Wow, I love these! I think the first and second are my favorites, although the third is awesome too. And the last. Okay, my favorites are the first, second, third and fourth. 

I've heard of encaustic painting only because my son is an artist.  He explained the technique to me once, but I'd forgotten all about it.  

</leaves room, finds post-it to write a note to son about what he should paint for his mother for Christmas/>


----------



## Th0rz669

sm4him said:


> Wow, I love these! I think the first and second are my favorites, although the third is awesome too. And the last. Okay, my favorites are the first, second, third and fourth.
> 
> I've heard of encaustic painting only because my son is an artist.  He explained the technique to me once, but I'd forgotten all about it.
> 
> </leaves room, finds post-it to write a note to son about what he should paint for his mother for Christmas/>



If you can find a good way to protect them, they can be good gifts for Christmas. A lot of people want paints like this. My dad has one in his office. People offer him money for it all the time


----------



## panblue

Nice effects! Have you tried using shapes or tape to mask off areas of the canvas? Is that practical to try with encaustic?


----------



## Th0rz669

panblue said:


> Nice effects! Have you tried using shapes or tape to mask off areas of the canvas? Is that practical to try with encaustic?

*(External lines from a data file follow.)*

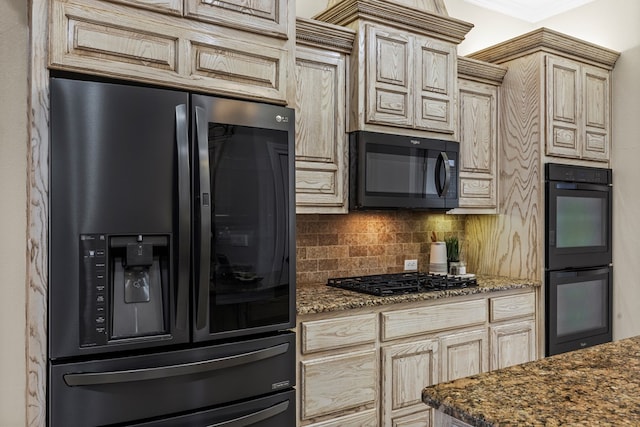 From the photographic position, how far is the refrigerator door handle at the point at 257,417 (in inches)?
73.6

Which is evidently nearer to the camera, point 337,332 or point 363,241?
point 337,332

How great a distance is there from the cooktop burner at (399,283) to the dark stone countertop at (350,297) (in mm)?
46

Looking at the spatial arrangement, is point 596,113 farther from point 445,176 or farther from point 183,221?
point 183,221

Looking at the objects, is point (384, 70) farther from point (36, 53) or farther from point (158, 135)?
point (36, 53)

I've not tried anything like that yet. I'll try it next time


----------



## LightMatters

Many years ago, I saw a VanGogh exhibit while visiting Chicago.  When I saw the third one, it immediately brought his night sky images to mind.  Keep painting, experimenting ... and when your Dad's clients/friends offer money ... TAKE IT!  Wonderful medium for exploring evokative themes that don't lend themselves easily to the limitations of language.


----------



## Mully

Very nice look and different... Explore more since you have the talent.


----------



## ronlane

Those are really cool. I had to look up this style and have to admit, it's very interesting. Thanks for sharing.


----------



## annamaria

Wow those are really neat.  Never heard of that word.  Will have to look it up.


----------



## LaShonda

outstanding effects on these never even heard of these..but this is pretty great work


----------